From the NYTimes obituary:
For 30 years, beginning in the early 1970s and extending through the 1990s, television viewers could hardly go a week without running into a show written by Mr. Cannell. His writing credits include more than 1,000 episodes of various series, primarily crime dramas, and he is listed as the creator of almost 20 series — some long-running hits like “The Rockford Files,” and “The Commish,” others quick flame-outs like “Booker. ” At one point in 1989, Mr. Cannell’s company was producing five series on three networks. One of them, “21 Jump Street,” introduced a future Oscar nominee to public acclaim: Johnny Depp.
But that was not unusual. Mr. Cannell’s shows often opened doors for emerging actors. Jeff Goldblum gained his first wide notice in a short-lived but well-remembered Cannell series, “Tenspeed and Brown Shoe.” And “Wiseguy” gave another future Oscar winner, Kevin Spacey, a chance to stand out in a memorable extended turn as a villain.

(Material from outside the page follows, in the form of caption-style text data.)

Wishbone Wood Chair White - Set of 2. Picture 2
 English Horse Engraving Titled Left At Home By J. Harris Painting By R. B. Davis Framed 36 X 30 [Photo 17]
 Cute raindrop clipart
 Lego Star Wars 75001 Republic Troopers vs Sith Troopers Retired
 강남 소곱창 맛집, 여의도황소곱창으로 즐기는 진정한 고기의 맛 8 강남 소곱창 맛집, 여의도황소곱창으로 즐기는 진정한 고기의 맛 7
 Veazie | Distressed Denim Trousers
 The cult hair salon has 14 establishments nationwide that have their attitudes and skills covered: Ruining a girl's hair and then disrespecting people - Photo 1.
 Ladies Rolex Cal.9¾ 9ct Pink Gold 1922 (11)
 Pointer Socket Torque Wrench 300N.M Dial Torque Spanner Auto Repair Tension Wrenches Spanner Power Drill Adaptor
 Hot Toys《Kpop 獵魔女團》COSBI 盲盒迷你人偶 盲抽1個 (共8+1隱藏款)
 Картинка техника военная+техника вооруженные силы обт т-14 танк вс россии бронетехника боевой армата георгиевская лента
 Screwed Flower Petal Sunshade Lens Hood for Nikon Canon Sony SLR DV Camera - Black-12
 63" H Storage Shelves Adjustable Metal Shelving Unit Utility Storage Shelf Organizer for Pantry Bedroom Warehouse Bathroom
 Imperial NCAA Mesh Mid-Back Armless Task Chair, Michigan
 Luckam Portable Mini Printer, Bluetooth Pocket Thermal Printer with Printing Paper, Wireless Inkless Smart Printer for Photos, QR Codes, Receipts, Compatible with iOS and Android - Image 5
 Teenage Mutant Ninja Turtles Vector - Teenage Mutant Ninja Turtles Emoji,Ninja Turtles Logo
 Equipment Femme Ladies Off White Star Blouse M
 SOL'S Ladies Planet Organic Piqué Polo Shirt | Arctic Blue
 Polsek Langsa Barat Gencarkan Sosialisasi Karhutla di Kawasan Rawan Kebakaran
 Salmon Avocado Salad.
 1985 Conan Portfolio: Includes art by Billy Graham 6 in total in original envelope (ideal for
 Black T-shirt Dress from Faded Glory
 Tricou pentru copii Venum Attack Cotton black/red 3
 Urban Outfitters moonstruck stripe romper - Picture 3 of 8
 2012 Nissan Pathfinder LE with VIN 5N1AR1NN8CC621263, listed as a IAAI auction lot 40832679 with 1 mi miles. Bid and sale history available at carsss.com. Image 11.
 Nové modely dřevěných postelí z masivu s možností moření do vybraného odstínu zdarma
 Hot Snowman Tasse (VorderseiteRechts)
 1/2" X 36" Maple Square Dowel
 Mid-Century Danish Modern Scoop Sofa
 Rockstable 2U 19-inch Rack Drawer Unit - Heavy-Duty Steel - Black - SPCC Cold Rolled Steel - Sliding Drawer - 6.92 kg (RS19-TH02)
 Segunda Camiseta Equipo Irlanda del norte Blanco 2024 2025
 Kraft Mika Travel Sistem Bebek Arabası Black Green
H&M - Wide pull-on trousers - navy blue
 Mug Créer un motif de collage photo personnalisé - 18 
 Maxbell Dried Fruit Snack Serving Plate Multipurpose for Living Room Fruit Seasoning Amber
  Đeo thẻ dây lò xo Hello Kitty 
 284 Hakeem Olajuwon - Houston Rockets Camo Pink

"The Rockford Files" was certainly my favorite of Cannell's work, although that owes at least as much to my lifelong admiration for the wry and unflappable James Garner (who I almost but not quite got to meet at the catfish diner in my home town before bypass surgery made him clean up his dietary act). "The A-Team" might be one of Cannell's most commercially successful series, but I always had a special fondness for the canceled-too-soon Stingray, which was into inexplicable music videos replacing plot movement a couple of years before Miami Vice:
Mr. Cannell suffered from extreme dyslexia, which went undiagnosed and all but ruined his school years. Despite inheriting his family’s intense work ethic, he failed three grades and was unable to retain a football scholarship to the University of Oregon because of his academic record.
But a professor there recognized his writing gifts and encouraged him.